What started as grass-roots organizing has turned into a lawsuit costing taxpayers more than $100,000.

But the city of Bradenton Beach says Florida’s Government-in-the-Sunshine Law cannot be taken lightly.

The suit against six residents was initiated by ex-Mayor Jack Clarke and joined by the city at its Aug. 7, 2017, city commission meeting, when commissioners voted 3-1 to join the suit.

Bill Vincent, the founder of the now-defunct Concerned Neighbors of Bradenton Beach, was deposed Dec. 12. The city alleges the grass-roots organization held private meetings as a “shadow government,” according to Robert Watrous, the city’s attorney for the lawsuit.

“All I wanted to do was start a grass-roots organization for people in the community to meet and talk about positive change for the city we love,” said Vincent, a former Bradenton Beach Planning and Zoning Board member.

During his deposition, hundreds of pages of emails, transcripts, text messages and other forms of social media communication were provided as part of the discovery process.

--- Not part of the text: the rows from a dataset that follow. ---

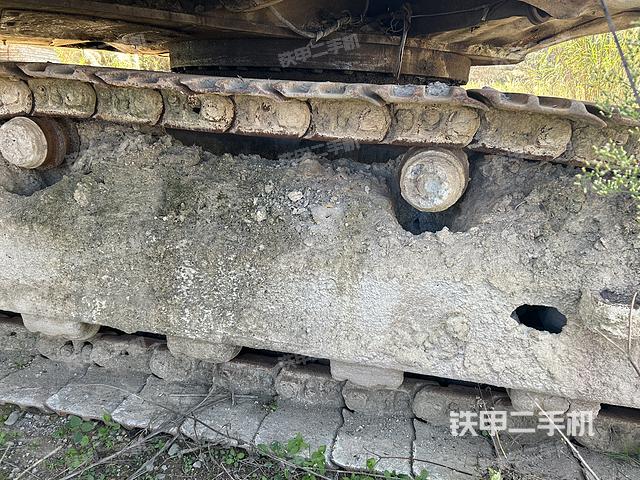 单侧履带整体（整机外观）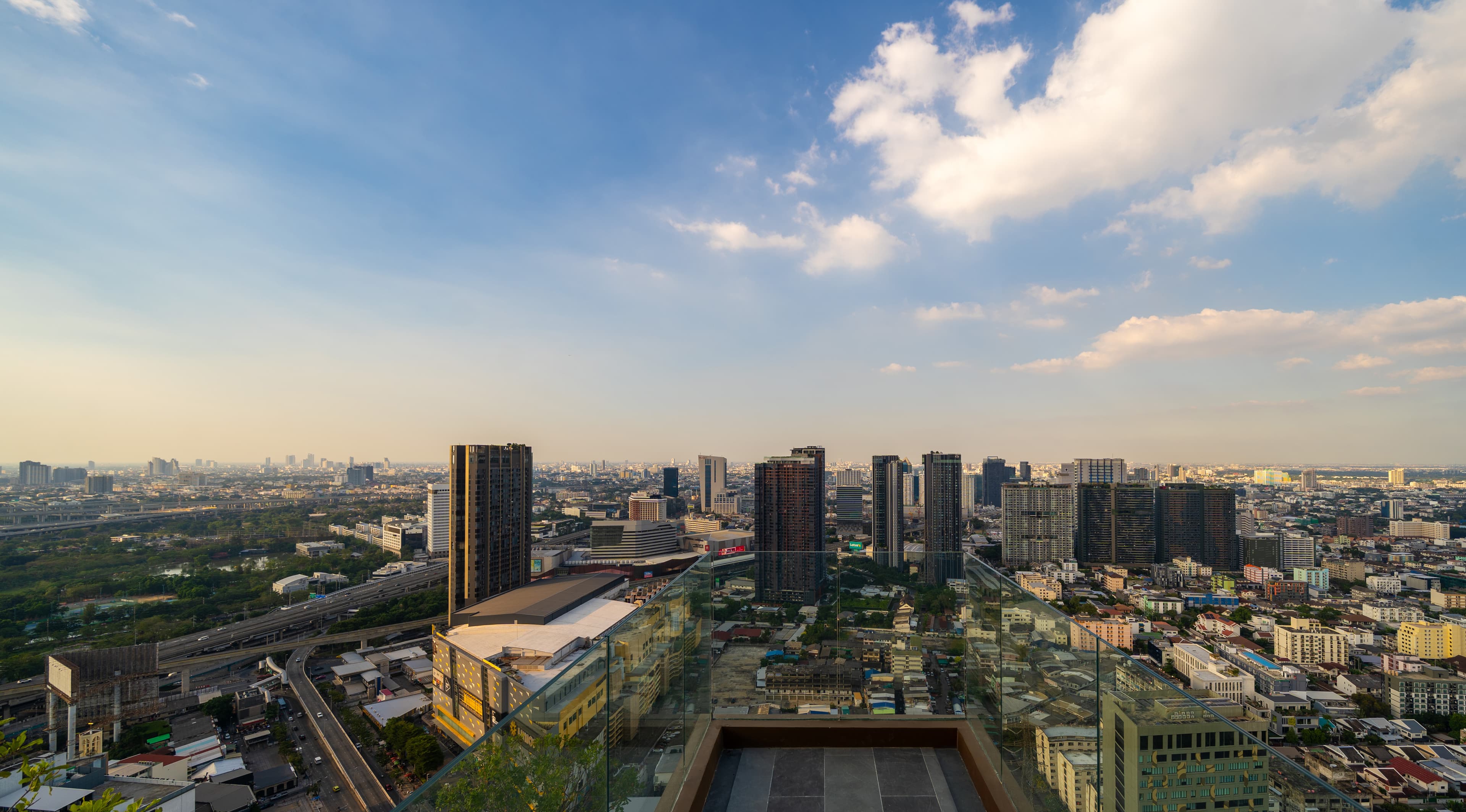 เมทริส ดิสทริค ลาดพร้าว (Metris District Ladprao)
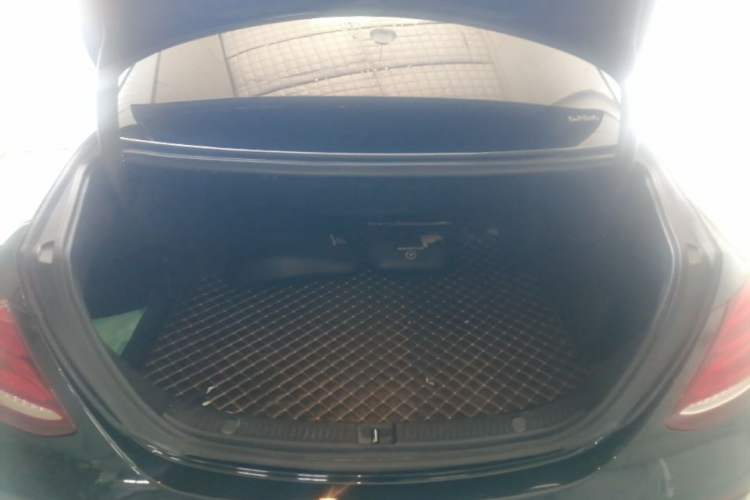 Used Mercedes-Benz E-Class 2018 Facelift E 200 L Trunk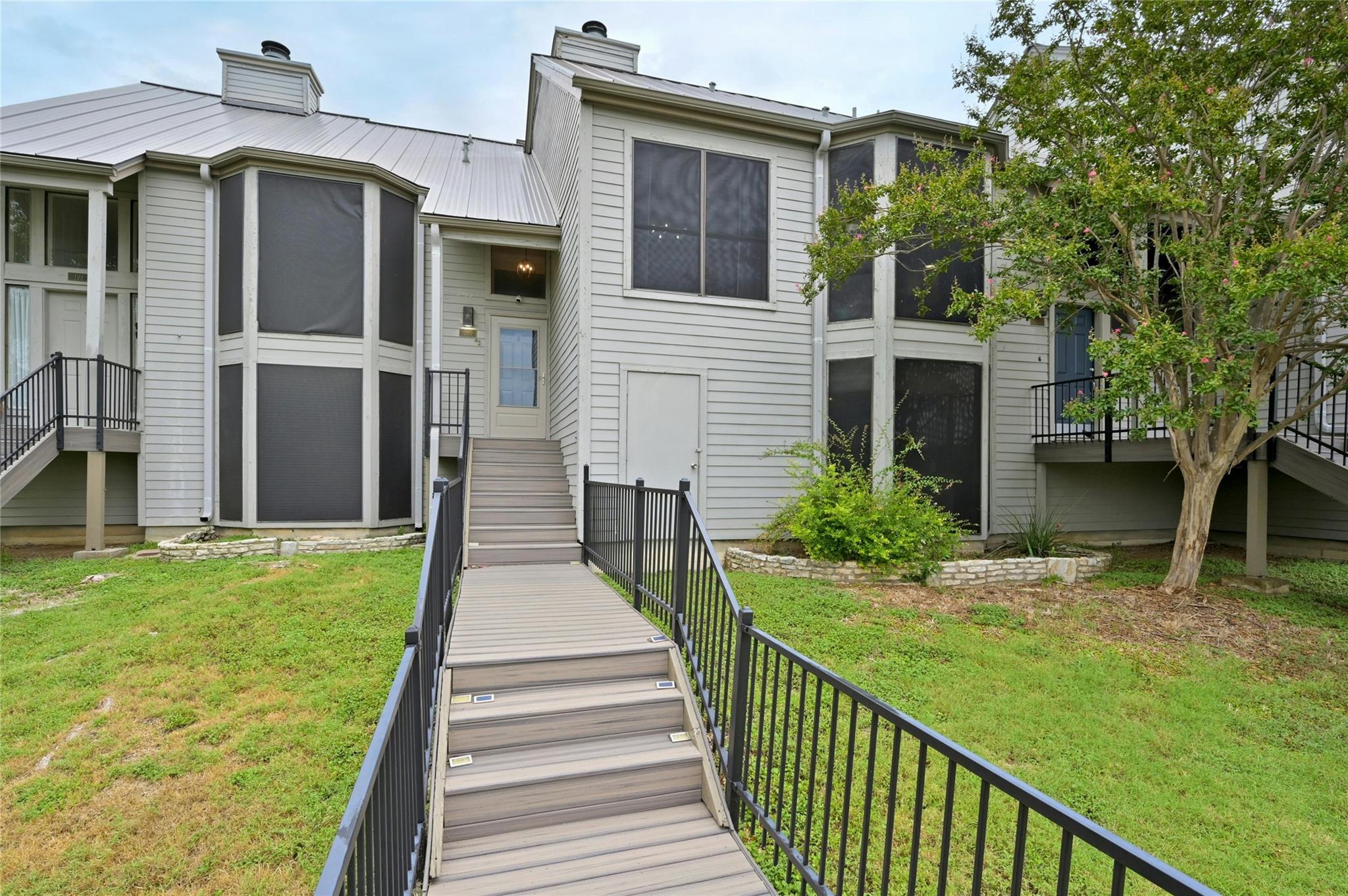 200 World Of Tennis Sq #200, Lakeway, TX 78738
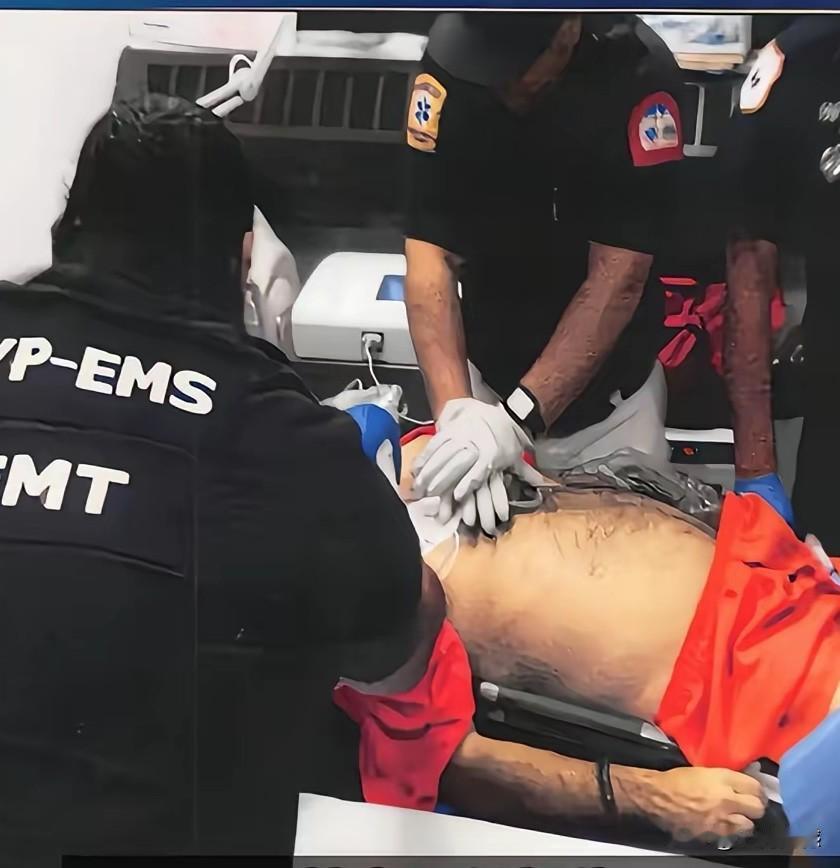 这个人据说是自己上吊死的，但是尸检结果表明，他的甲状软骨基本全部断裂，这个问题很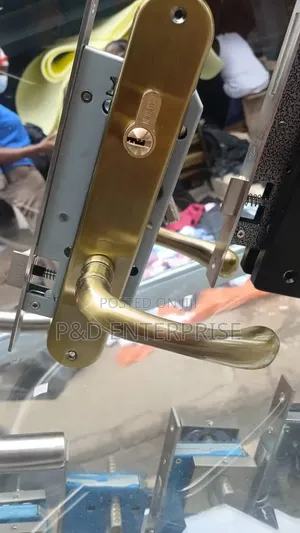 Quality EVALEO Lock. (Curved Handle)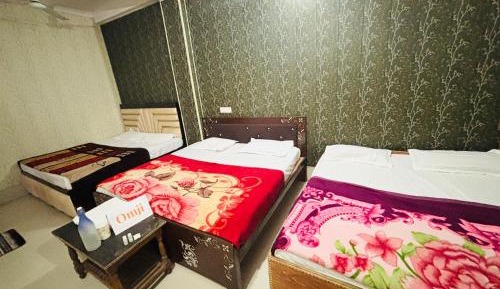 Deluxe Family Room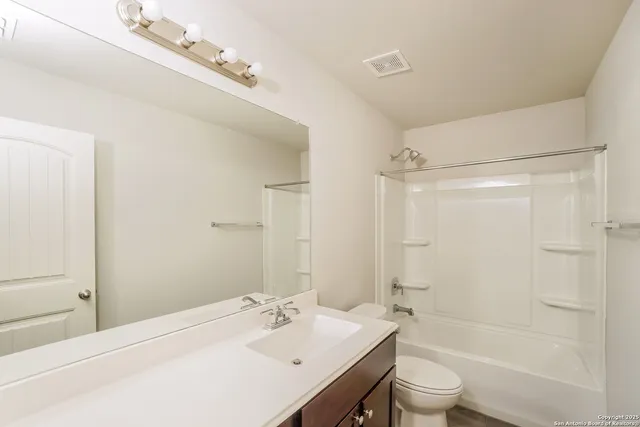 $1,800 | 251 Antler Bend, San Antonio, TX 78253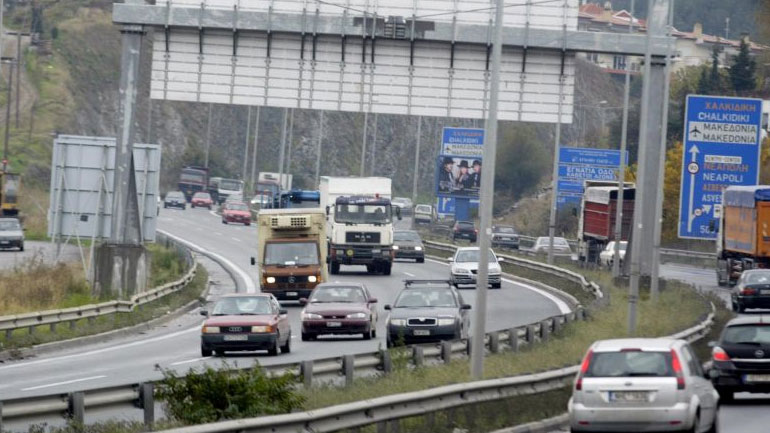 Τροχαίο το πρωί στον Περιφερειακό Θεσσαλονίκης – Τραυματίας ο οδηγός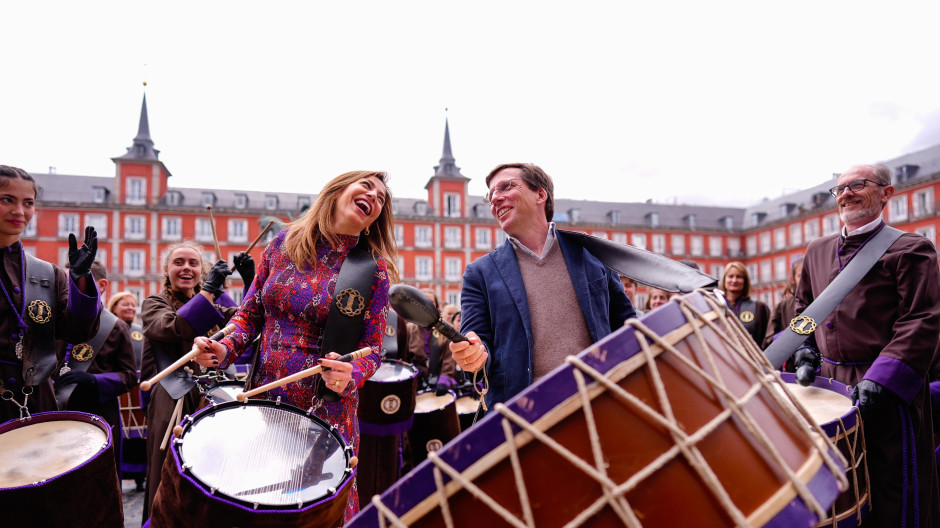 El alcalde de Madrid, José Luis Martínez-Almeida, y la alcaldesa de Zaragoza, Natalia Chueca, en la Tamborrada de Resurrección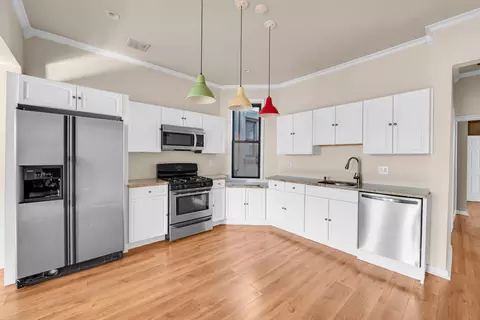 312 Monastery Pl #3R, Union City, NJ 07087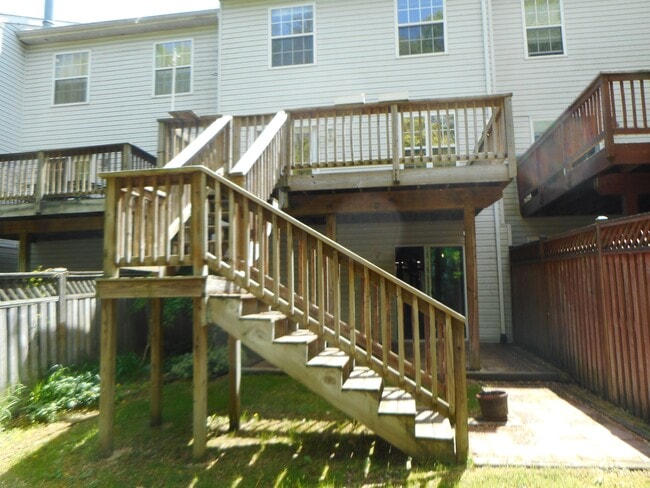 Building Photo - 1302 Arabis Ct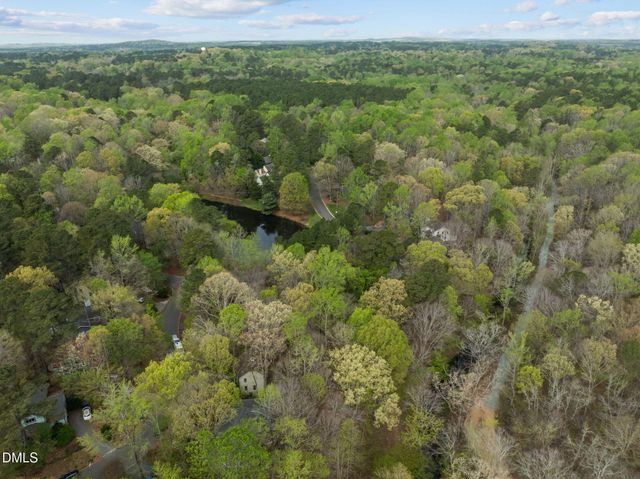 132 Creekview Circle, Carrboro, NC 27510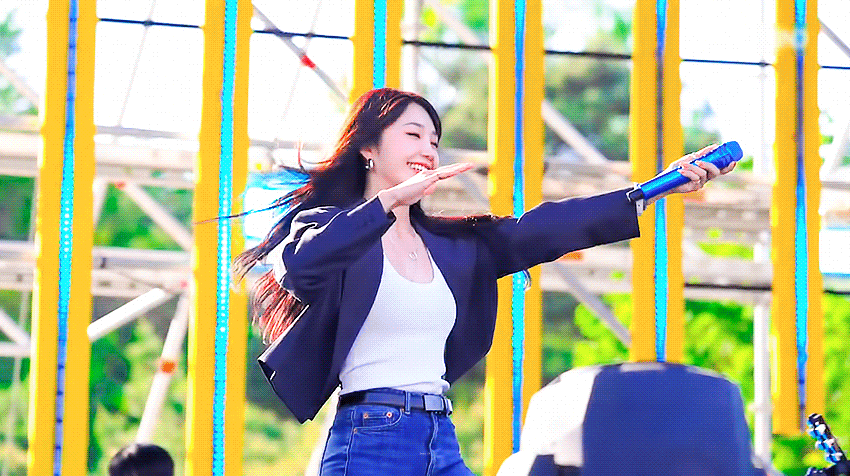 [잡담] 정은지 팬들이 레전드라고 뽑는 어제 무대 움짤 개많이 뜨면 어떤데...... | 인스티즈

The case is set for trial March 2019.

Mediation between the city and the former board members who are defendants in the suit is set for Feb. 25 with attorney and mediator John D. Hawkins.

“We believe the politics is separate from any Sunshine Law violation,” John Metz, a defendant in the lawsuit and former Bradenton Beach Planning and Zoning Board member, said Dec. 8.

“Maybe there will be a mediation to figure things out,” Metz added.

Metz, Vincent, Rose Vincent, Reed Mapes, Tjet Martin and Patty Shay face allegations by Clarke and the city that as board members they violated Florida’s Government-in-the-Sunshine Law by discussing city matters without properly noticing the public during CNOBB meetings.

Metz’s attorney, Thomas Shults was set to depose city land-planner Alan Garrett Jan. 4, 2019, Clarke Jan. 7, and city clerk Terri Sanclemente Jan. 9.

With the exception of Metz, the defendants are representing themselves without an attorney. According to city attorney Ricinda Perry, they are “piggybacking” on Shults’ defense.

“There was discussion about maybe settling the matter,” Perry said during a Dec. 6, 2018, city commission meeting. “The same offers that have been out there are still available, to a large extent, to the defendants. However, it appears there is not that much movement. But, we’ll see if we can somehow, through a mediator, convince the defendants to basically apologize and come forward with an offer for the perceived violations of the sunshine.”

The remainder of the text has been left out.